Advanced hardware error handling for x86 Linux
mcelog logs and accounts machine checks (in particular memory, IO, and CPU hardware errors) on modern x86 Linux systems.

mcelog is required by both 32bit x86 Linux kernels (since 2.6.30) and 64bit Linux kernels (since early 2.6 kernel releases) to log machine checks and should run on all Linux systems that need error handling.

The mcelog daemon accounts memory and some other errors errors in various ways. mcelog --client can be used to query a running daemon. The daemon can also execute triggers when configurable error thresholds are exceeded. This is used to implement a range of automatic predictive failure analysis algorithms: including bad page offlining and automatic cache error handling. User defined actions can be also configured.

All errors are logged to /var/log/mcelog or syslog or the journal.

For memory errors it supports modern x86 systems with integrated memory controllers; for CPU errors all modern x86 systems are supported.
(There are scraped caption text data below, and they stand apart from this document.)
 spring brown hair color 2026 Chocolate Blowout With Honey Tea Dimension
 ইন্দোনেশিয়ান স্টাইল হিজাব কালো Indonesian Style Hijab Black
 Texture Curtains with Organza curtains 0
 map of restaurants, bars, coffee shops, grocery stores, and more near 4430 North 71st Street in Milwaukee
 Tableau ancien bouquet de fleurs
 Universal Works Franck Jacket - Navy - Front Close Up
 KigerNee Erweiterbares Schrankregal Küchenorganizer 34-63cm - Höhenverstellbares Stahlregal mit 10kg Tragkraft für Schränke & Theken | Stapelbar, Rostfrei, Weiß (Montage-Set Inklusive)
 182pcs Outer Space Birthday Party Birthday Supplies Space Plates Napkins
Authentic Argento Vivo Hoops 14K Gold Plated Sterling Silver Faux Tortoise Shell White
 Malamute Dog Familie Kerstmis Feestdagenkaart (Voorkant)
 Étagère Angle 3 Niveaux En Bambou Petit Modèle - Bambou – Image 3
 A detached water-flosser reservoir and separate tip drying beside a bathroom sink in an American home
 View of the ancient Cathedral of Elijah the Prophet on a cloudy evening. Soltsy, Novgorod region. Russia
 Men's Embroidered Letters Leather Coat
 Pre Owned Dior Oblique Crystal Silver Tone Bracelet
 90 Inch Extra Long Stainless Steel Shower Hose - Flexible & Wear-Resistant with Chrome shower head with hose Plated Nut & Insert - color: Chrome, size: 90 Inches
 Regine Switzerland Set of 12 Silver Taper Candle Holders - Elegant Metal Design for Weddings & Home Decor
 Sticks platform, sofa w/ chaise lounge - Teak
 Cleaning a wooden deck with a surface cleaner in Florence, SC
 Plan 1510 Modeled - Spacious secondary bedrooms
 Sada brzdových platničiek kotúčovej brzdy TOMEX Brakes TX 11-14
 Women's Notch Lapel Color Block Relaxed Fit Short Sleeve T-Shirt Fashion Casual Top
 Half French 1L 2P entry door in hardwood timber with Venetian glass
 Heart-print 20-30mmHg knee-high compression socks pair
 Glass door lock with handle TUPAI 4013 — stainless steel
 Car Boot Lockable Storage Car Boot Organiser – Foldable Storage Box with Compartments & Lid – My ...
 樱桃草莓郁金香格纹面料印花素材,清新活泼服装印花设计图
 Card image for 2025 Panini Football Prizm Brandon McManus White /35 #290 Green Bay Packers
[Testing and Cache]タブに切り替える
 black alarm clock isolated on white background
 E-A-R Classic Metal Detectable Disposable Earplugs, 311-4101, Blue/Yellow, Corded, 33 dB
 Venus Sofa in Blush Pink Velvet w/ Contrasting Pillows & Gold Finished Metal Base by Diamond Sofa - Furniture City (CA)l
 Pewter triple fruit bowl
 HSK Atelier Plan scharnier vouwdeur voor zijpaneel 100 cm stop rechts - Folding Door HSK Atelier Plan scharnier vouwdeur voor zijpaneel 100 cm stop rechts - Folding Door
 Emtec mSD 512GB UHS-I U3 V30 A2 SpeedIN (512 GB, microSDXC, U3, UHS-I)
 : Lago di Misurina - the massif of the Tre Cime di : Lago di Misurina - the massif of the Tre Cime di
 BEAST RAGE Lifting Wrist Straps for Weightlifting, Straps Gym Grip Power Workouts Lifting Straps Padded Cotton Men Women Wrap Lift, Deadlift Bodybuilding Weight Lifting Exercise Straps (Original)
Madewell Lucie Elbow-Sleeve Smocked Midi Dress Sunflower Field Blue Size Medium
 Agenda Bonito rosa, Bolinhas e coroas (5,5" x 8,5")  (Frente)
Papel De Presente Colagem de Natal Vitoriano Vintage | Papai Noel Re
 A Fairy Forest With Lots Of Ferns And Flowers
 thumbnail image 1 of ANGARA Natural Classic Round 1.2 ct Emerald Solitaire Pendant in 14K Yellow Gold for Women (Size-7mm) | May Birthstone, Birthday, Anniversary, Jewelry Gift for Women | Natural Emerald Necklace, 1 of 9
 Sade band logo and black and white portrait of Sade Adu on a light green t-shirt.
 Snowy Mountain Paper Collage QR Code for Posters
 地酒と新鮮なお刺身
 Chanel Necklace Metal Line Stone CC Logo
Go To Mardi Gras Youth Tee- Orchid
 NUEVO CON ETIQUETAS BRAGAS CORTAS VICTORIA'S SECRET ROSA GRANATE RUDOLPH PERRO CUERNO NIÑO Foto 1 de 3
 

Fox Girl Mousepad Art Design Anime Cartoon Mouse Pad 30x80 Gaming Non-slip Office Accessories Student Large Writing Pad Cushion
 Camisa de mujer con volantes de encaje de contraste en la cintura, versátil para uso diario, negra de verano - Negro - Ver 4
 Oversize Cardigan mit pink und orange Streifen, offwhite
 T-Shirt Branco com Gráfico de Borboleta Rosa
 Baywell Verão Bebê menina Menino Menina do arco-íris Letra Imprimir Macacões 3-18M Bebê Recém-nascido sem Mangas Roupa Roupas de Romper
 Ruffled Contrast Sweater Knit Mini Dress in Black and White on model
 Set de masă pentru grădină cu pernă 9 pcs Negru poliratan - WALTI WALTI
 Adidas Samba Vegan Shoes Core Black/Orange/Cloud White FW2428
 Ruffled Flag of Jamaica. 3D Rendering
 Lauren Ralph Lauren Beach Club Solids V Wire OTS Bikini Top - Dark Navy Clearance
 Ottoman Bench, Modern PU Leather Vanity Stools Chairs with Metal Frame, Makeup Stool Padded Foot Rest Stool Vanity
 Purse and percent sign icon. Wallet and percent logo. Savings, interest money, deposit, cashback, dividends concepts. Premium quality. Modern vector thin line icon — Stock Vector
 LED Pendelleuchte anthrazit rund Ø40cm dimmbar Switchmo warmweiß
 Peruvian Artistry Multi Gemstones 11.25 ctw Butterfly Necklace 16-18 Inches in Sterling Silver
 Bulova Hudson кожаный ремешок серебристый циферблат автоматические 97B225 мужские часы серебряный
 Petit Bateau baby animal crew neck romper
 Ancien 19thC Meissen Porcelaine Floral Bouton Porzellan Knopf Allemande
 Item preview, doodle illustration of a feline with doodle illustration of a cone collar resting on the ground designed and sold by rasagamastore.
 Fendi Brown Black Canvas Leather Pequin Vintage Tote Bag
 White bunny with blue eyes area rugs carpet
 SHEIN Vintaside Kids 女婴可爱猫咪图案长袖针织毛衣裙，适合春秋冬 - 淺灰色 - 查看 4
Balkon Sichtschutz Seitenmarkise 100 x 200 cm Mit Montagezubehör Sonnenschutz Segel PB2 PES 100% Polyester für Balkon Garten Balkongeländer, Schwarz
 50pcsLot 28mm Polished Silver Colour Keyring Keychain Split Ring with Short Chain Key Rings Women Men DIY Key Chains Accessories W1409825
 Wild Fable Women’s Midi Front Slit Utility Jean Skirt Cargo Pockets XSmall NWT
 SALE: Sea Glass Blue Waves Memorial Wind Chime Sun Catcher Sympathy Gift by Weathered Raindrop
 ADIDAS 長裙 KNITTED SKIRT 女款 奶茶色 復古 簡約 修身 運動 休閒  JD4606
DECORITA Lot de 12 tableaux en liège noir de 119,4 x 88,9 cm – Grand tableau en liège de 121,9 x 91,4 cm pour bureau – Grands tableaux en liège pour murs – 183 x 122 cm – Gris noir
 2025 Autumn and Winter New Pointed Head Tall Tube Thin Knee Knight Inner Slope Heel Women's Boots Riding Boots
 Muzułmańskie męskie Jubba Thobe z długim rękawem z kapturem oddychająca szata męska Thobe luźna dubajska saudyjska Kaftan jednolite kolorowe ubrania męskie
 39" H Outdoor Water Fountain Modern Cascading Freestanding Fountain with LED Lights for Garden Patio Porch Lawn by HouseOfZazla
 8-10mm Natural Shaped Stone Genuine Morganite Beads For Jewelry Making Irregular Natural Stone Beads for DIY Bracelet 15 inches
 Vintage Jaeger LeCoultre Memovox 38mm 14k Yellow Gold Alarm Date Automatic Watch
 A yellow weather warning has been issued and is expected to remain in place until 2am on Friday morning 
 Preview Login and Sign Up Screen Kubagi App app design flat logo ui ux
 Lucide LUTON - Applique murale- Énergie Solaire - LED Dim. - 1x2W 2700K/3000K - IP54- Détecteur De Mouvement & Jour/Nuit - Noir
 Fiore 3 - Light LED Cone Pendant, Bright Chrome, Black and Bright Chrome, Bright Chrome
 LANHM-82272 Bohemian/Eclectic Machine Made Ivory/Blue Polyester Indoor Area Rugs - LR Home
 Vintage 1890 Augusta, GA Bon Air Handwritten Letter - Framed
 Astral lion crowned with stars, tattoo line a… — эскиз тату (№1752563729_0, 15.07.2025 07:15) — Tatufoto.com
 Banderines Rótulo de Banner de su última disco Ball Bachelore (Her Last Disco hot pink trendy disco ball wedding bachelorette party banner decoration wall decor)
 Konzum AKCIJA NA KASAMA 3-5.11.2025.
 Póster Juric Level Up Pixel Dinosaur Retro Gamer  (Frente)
Traditionally mcelog was run as a cronjob, but this usage is deprecated now. The modern way to run it is to start it at boot up time and run it always as a daemon. In addition it can be used to decode fatal machine checks on the command line (but this is also usually not needed anymore on modern kernels which log those after reboot automatically)

For installation information and how to set up a mcelog package (if you're a distributor) please see the README.